TEHRAN: The head of the United Nations nuclear watchdog said on Sunday that Iran would begin offering its inspectors less access, but would still allow the agency to monitor its atomic programme.

Rafael Grossi made the comments on arrival in Vienna from Tehran. He was careful to say that there still would be the same number of inspectors, but there would be “things we lose”.

He did not offer many specifics, but Iranian Foreign Minister Mohammad Javad Zarif said that would include blocking the International Atomic Energy Agency from accessing footage on its cameras at nuclear sites.

In Tehran, Grossi met Ali Akbar Salehi, the head of Iran’s civilian nuclear programme. Iran’s ambassador to the IAEA, Kazem Gharibabadi, later tweeted that Iran and the IAEA held fruitful discussions based on mutual respect.

Iran's parliament in December approved a bill that would suspend part of UN inspections of its nuclear facilities if European signatories do not provide relief from oil and banking sanctions by Tuesday.

Grossi had made the trip to Tehran as Iran tries to pressure Europe and the new Biden administration into returning to the 2015 nuclear deal, which President Donald Trump unilaterally withdrew America from in 2018.

Iranian Foreign Minister Mohammad Javad Zarif, who under President Hassan Rouhani helped reach the nuclear deal, said the cameras of the International Atomic Energy Agency would be shut off despite Grossi’s visit to follow a law passed by parliament.

“This is not a deadline for the world. This is not an ultimatum,” Zarif told the government-run, English-language broadcaster Press TV in an interview aired before he met Grossi. “This is an internal domestic issue between the parliament and the government.

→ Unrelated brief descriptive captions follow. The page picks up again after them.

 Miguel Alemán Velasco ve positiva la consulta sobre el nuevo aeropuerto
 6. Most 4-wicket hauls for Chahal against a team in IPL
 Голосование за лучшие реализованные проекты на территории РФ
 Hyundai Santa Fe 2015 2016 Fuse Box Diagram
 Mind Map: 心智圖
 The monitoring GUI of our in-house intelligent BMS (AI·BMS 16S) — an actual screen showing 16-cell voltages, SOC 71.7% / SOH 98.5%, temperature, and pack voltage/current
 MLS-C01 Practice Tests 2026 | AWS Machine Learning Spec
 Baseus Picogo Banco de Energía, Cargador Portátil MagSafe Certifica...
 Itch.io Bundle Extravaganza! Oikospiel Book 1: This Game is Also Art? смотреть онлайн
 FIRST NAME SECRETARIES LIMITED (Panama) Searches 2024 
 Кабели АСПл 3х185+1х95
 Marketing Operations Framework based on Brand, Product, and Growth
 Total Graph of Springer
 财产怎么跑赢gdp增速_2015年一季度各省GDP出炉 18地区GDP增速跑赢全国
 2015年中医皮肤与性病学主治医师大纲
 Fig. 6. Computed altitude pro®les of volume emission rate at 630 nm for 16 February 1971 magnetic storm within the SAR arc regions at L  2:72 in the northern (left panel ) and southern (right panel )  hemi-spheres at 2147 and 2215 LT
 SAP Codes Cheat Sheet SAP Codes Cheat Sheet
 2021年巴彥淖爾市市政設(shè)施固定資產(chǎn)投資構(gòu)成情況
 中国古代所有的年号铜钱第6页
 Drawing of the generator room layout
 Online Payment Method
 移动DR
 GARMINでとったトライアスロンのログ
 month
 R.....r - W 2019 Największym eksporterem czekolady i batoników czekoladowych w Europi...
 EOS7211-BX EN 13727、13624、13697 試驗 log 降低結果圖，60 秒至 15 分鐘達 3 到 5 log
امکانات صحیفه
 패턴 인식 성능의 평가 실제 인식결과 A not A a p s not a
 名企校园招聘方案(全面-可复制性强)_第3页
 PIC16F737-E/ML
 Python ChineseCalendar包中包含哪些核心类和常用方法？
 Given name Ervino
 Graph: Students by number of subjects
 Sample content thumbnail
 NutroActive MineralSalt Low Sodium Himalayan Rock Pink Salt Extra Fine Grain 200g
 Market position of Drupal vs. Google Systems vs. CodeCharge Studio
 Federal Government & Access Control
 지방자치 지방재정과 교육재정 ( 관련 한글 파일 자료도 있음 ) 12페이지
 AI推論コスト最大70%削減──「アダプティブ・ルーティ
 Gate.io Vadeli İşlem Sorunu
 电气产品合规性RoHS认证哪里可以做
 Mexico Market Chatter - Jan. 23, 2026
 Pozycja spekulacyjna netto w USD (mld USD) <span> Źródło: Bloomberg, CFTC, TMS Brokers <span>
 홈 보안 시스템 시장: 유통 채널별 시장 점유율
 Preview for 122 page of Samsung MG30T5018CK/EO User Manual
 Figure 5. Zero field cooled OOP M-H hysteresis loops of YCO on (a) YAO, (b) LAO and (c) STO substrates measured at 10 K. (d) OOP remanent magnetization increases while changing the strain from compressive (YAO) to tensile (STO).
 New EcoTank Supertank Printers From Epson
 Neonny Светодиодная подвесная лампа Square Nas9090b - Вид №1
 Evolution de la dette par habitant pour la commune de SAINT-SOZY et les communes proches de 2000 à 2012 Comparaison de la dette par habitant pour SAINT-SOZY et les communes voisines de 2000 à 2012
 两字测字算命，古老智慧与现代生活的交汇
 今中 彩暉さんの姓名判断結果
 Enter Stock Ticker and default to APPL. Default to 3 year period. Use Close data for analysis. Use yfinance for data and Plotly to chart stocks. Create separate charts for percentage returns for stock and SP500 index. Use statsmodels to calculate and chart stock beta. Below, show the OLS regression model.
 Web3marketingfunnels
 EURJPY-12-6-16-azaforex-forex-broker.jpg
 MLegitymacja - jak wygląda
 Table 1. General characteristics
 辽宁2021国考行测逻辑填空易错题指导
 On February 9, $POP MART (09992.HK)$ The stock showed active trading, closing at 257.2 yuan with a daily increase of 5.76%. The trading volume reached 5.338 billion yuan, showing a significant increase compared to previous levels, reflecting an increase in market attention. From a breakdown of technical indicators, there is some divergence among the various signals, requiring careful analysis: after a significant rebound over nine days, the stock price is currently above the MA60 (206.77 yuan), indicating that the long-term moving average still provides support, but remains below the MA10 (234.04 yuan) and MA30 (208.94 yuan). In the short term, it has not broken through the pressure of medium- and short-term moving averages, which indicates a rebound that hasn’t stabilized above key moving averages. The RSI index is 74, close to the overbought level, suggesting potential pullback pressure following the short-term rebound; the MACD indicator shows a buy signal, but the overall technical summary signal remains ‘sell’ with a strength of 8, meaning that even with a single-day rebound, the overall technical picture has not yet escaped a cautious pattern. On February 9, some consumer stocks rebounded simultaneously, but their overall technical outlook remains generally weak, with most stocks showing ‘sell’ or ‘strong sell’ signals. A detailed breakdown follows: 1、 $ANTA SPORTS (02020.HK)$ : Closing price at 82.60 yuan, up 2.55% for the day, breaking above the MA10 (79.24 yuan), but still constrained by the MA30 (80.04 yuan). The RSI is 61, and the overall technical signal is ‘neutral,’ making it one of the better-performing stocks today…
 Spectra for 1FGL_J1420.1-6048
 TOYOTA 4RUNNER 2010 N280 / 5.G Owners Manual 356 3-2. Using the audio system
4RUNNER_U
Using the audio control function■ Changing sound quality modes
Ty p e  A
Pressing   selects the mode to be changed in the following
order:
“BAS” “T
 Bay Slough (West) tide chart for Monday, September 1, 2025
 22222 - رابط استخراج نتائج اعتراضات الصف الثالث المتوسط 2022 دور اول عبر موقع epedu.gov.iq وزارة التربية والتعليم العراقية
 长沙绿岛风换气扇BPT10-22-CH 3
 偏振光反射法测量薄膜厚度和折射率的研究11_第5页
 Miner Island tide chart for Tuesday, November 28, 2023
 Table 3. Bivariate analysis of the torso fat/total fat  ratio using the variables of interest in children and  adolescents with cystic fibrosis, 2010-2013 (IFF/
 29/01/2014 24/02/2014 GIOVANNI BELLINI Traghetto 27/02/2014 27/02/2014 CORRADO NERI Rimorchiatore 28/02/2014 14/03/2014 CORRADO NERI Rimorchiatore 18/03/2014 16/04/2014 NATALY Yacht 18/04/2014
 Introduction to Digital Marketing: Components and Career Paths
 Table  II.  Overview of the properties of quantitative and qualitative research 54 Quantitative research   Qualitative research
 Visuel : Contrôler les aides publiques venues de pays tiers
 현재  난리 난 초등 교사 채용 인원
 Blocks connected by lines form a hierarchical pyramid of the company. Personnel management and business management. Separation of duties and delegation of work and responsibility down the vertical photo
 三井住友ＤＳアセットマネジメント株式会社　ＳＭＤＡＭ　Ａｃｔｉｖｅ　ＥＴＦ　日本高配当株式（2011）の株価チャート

We have a democracy. We are supposed to implement the laws of the country. And the parliament adopted legislation whether we like it or not.”

Zarif’s comments marked the highest-level acknowledgement yet of what Iran planned to do when it stopped following the “additional protocol”, a confidential agreement between Tehran and the IAEA reached as part of the nuclear deal. The IAEA has additional protocols with a number of countries it monitors.

Under the protocol with Iran, the IAEA collects and analyses hundreds of thousands of images captured daily by its sophisticated surveillance cameras, the agency said in 2017. The agency also said then that it had placed 2,000 tamper-proof seals on nuclear material and equipment.

In his interview, Zarif said authorities would be required by law not to provide the tapes of those cameras. It wasn’t immediately clear if that also meant the cameras would be turned off entirely as Zarif called that a technical decision, that’s not a political decision.

The IAEA certainly will not get footage from those cameras, Zarif said.

There are 18 nuclear facilities and nine other locations in Iran under IAEA safeguards.

In Washington, US National Security Adviser Jake Sullivan said President Joe Biden remained willing to negotiate with Iran over a return to the nuclear deal, an offer earlier dismissed by Zarif.

“He is prepared to go to the table to talk to the Iranians about how we get strict constraints back on their nuclear programme,” Sullivan told CBS’s Face the Nation. “That offer still stands, because we believe diplomacy is the best way to do it.”

On US citizens being held by Iran, Sullivan added: We have begun to communicate with the Iranians on this issue.”